Iconic noodle factory in Kalimpong goes up in flames
Darjeeling: Kalimpong lost a slice of history with a noodle factory razed to the ground in a fire on Saturday night. This was no ordinary noodle factory but the factory that had featured in the bestseller book The Noodle Maker Of Kalimpong: the Untold Story of My Struggle for Tibet, an autobiography of Gyalo Thondup, the elder brother of His Holiness, the Dalai Lama.
Thondup was a known face in Kalimpong but it was only after the year 2009 that people came to know that he was the elder brother of the Dalai Lama.

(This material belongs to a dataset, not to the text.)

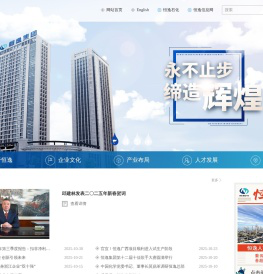 浙江恒逸集团有限公司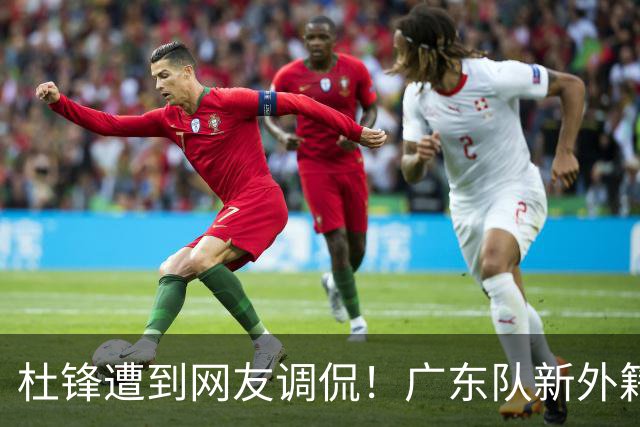 杜锋遭到网友调侃！广东队新外籍教练带领训练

Thondup had crafted the Dalai Lama's escape from Tibet along with being granted political asylum in India. He occupies an important position in Tibetan history.

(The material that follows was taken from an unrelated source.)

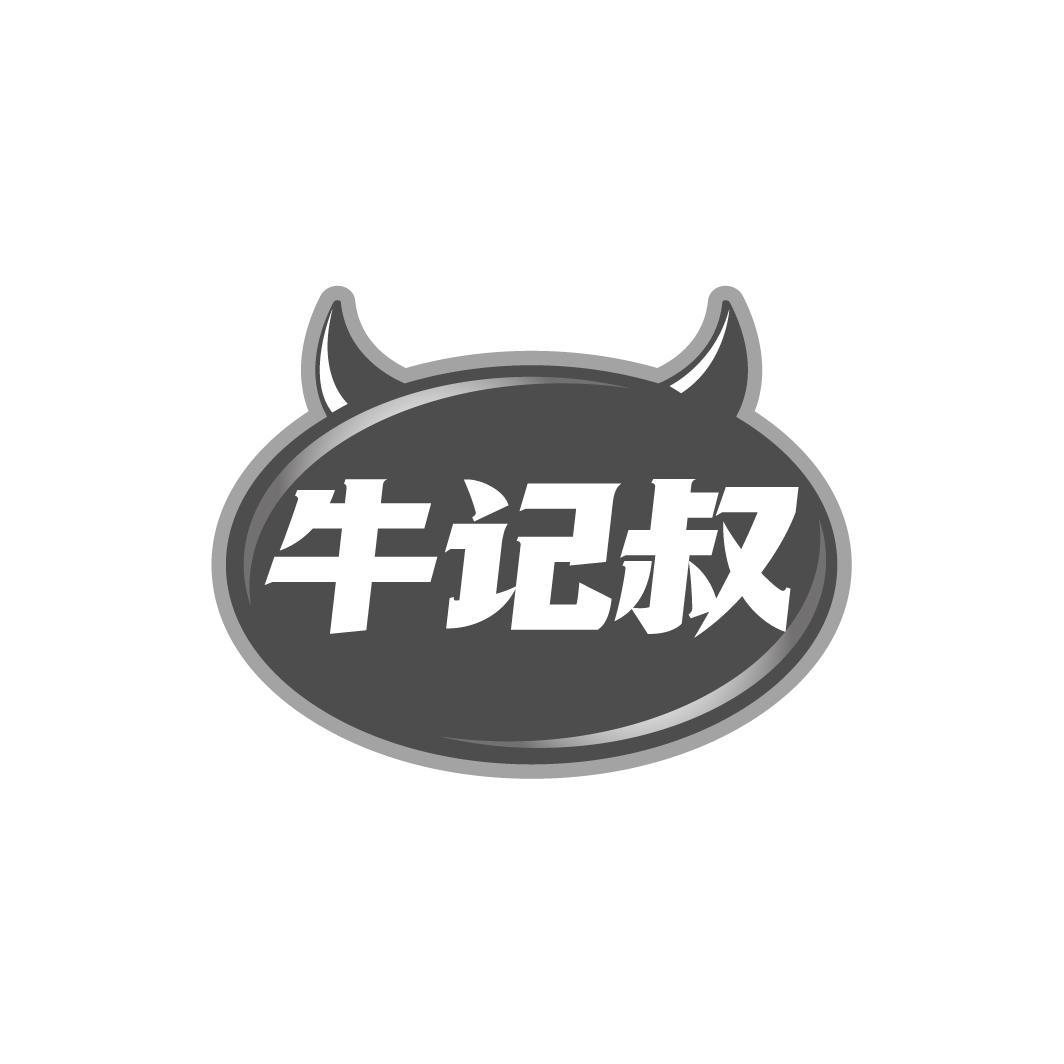 牛记叔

Thondup was born in 1928 at Amdo in Tibet. He was the Dalai Lama's special envoy and an interlocutor between Tibet, China and India. Later, he continued the freedom struggle for Tibet on a diplomatic level.
In 1999, he retired and settled in Kalimpong looking after his noodle factory. On Saturday night, the noodle factory located on 8th Mile adjacent to St. Philomena School caught fire. "Around 9pm we got information of the fire and rushed to the location. The fire was blazing then. It took 3 fire engines to battle the flames. Around 11 pm the fire was doused. The factory is totally gutted except for some machinery partially damaged. The cause of the fire is not known," said Mani Tamang, fire officer.

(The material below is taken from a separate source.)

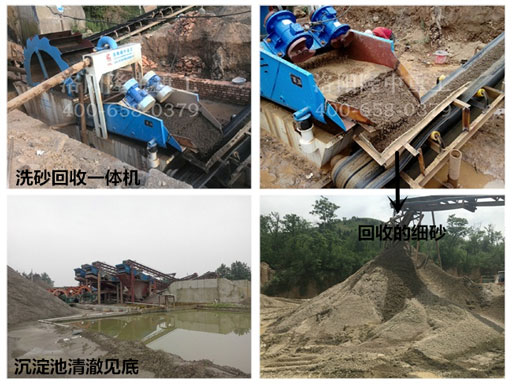 新型<a href=http://www.tecumsehcn.net/tags/xishaji target=_blank class=infotextkey><a href=//tags/xishaji target=_blank class=infotextkey>洗砂機</a></a> 洗砂回收一體機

However, "Takster House" the house in which Thondup lives in the same compound escaped the flames. "I had bought this 3 acre property in 1962 for Rs 7,200. In 1967 we started the factory," said the 91-year-old to media persons.
The factory had 20 employees. Kalimpong noodles is sold in different parts of the country including Sikkim, Arunachal Pradesh and even exported to Nepal and Bhutan.